El derrotado decide la suerte de una sentencia en su contra
Uno de los hechos más graves a los que probablemente hemos asistido en los últimos meses ha sido la insólita decisión del pleno del Consejo de la Magistratura de Salta, que por resolución (un simple acto administrativo) declaró de «aplicación imposible» la sentencia de la Corte de Justicia que en su día ordenó retrotraer los concursos públicos para seleccionar a los cinco jueces que se integrarán en las existentes salas del tribunal de apelación en lo civil y comercial, pero al momento exactamente anterior al dictado de la resolución 1220/2016.A pesar de la claridad del mandato judicial, que suponía que la retroacción de los concursos debía llevarse a efecto con los mismos aspirantes admitidos en el procedimiento anulado, el Consejo de la Magistratura decidió convocar a nuevas inscripciones, destruyendo con ello todas las garantías de imparcialidad y transparencia de los concursos y lesionando los derechos de los aspirantes originales admitidos.

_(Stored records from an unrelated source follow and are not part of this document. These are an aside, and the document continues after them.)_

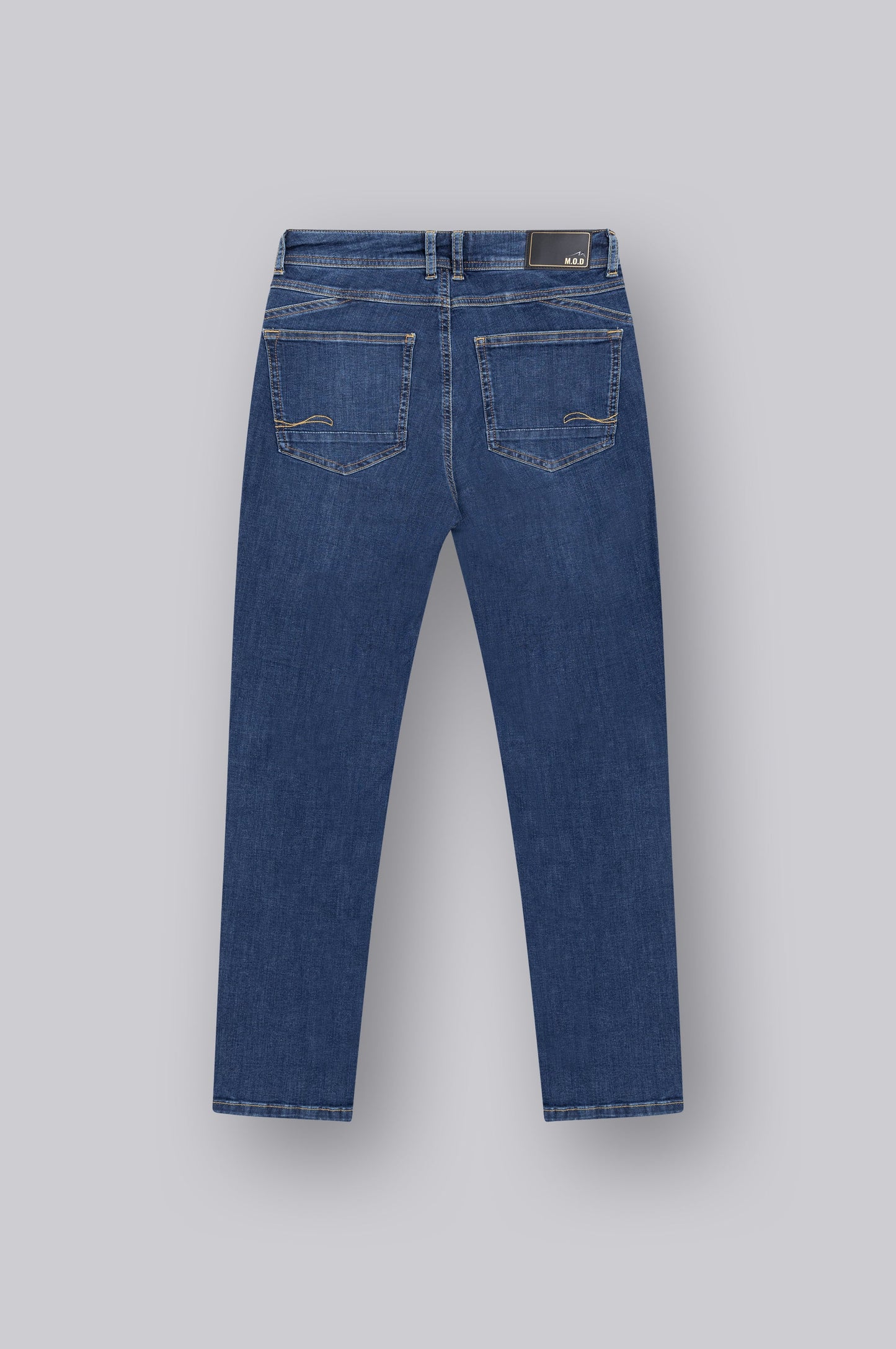 Rea High Regular Fit | Mid Blue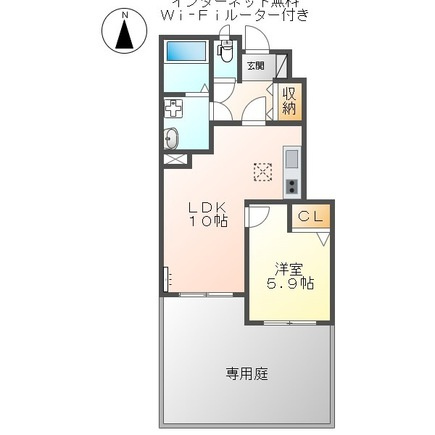 ジュピターⅠの間取り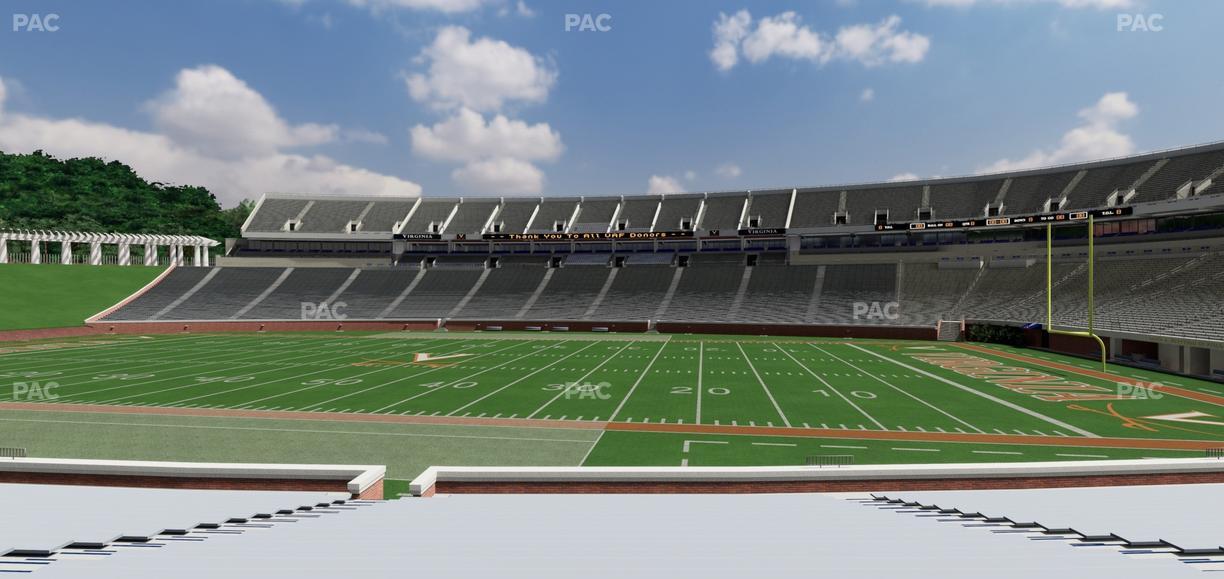 Scott Stadium - Section 123 Seat View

A pesar de que el procedimiento se ha reanudado con una nueva y sangrante nulidad, no se sabe hasta el momento que algún perjudicado haya invocado este abuso de poder para lograr que los concursos se sustancien de la forma en que lo ha establecido la sentencia de 20 de abril de 2017.
Dos pronunciamientos de la Corte, incumplidos por su presidente
Es curioso que la Ley Orgánica del Poder Judicial de Salta disponga en su artículo 40 que la interpretación que la Corte de Justicia haga de los textos de la Constitución y de las leyes será obligatoria para todos los tribunales, y que, sin embargo, no lo sea para la propia Corte.Ningún Estado de Derecho en el que prime una cierta seriedad permite a un tribunal o a un magistrado ignorar sus propias decisiones, hacerlas obligatorias para los inferiores, pero libremente disponibles para quien las ha adoptado.
Lamentablemente, a estas horas, los diez diputados que promueven el juicio político del doctor Catalano deben haber tomado buena nota de la manipulación dialéctica del argumento que sostiene a los jueces jubilados y de la enorme gravedad que supone que la parte derrotada en un pleito -en este caso, el Consejo de la Magistratura- pueda libre y alegremente decidir que la sentencia que le es desfavorable resulta de «aplicación imposible», sin que nadie, por ninguna vía, pueda forzar la revisión de tan extraña decisión.
Normalidad y miedo
Aunque muchos salteños no hayan caído aún en cuenta de ello, no es para nada normal que todo un presidente de la Corte de Justicia incurra en errores técnicos de este calibre.Algunos, a los que les gusta reducir los acontecimientos a los escándalos que asoman a la superficie, piensan que las inconsecuencias del presidente de la Corte solo rebajan la calidad de su discurso y enervan los argumentos de su defensa.
Pero, otros, más responsables y menos atentos a los movimientos de la superficie, denuncian que detrás de estos aparentes «errores no forzados» se disimula una postura personal y política de frontal ataque a las instituciones democráticas y a los mecanismos de tutela de la libertad.
Y si esto es así, ¿por qué motivo aún no se han producido reacciones de mayor intensidad?
Sencillamente porque, en Salta, cualquier apartamiento de la normalidad, cualquier «aberración» provoca miedo en quienes la perciben y terror en quienes la sufren. Porque hoy por hoy es el miedo el único argumento que sostiene el poder de quienes creen que manejan las instituciones judiciales a su antojo, o que estas existen para servirles a ellos y no a todos los ciudadanos.
Superar el miedo es, pues, la verdadera asignatura pendiente de la democracia de Salta; el obstáculo a vencer si es que de verdad estamos interesados en poner los cimientos de un futuro en el que el poder no sea rehén de unos pocos elegidos y que sea la ley la que decida de qué forma solucionar nuestros conflictos y organizar nuestra convivencia.